String Quartet, “Quijotadas”
Gabriela Lena Frank
Length: c. 22 minutes
Orchestration: string quartet
About this Piece
Quijotadas (2007) for string quartet is inspired by El Ingenioso Hidalgo don Quijote de la Mancha by Miguel de Cervantes Saavedra (1547–1616). Widely considered the first modern novel, this tale satirizes post-Conquest Spain by relating the tale of a middle-aged lesser nobleman who undertakes absurd adventures in pursuit of romantic—and seriously outdated—knightly ideals. Cervantes’ brilliant and colorful resulting social commentary still reverberates for us today in the arts and popular culture at large. Quijotadas, which is the Spanish word for extravagant delusions wrought in the Quixotic spirit, is in five movements.
I. Alborada: Traditionally a Spanish song of welcome or beginnings, this is in the style of music for the chifro, a small high-pitched wooden panpipe played with one hand.
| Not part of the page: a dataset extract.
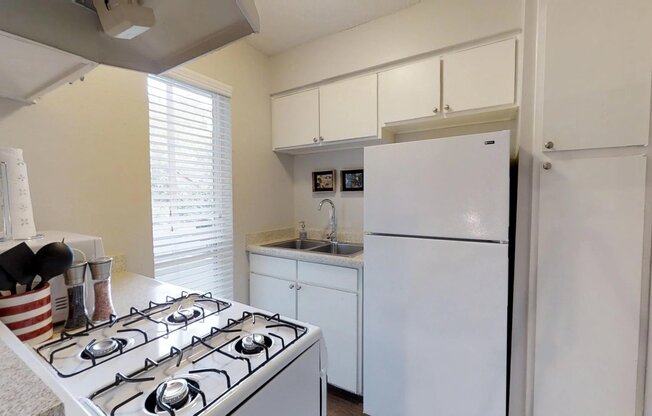 Studio, 1 bath, $1,150, Unit 205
It is often employed by a traveling guild worker to announce his services as he walks through the streets of town.
II. Seguidilla: This free interpretation of the spirited dance rhythms of Don Quijote’s homeland of La Mancha also evokes two typical instruments—the six-stringed guitar, and its older cousin, the bandurria, which finds its origins in Renaissance Spain.
III. “Moto Perpetuo: La Locura de Quijote”: This movement is inspired by an early chapter in the novel that describes Don Quixote sequestering himself in his hacienda, reading nothing but novels of chivalry, the pulp fiction of his time. The teasing promises of grandeur make him dizzy and he eventually goes mad.
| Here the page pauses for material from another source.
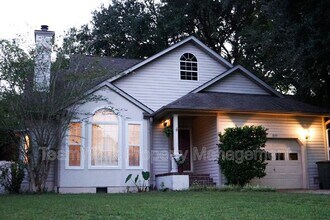 Building Photo - 827 Harbor Pl Dr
IV. “Asturianada: La Cueva”: The style of this traditional mountain song (whereby a young male singer issues forth calls that rise and fall with great emotion and strength) is used to paint a portrait of the Cave of Montesinos. In an important episode of the novel, Don Quijote fantasizes about the legendary hero Montesinos trapped under enchantment in a highland cave.
V. “La Danza de los Arrieros”: Throughout the tale, Don Quijote is constantly rubbing up against arrieros (muleteers) who, for Cervantes, are the embodiment of reality in contrast to Don Quijote’s fantasy world. The encounters with these roughnecks are always abrupt and physical, usually resulting in a sound thrashing for Quijote. Each beating brings him closer to reality, and in the end, he must poignantly reconcile himself to the fact that his noble ideals do not find a hospitable home in the contemporary world.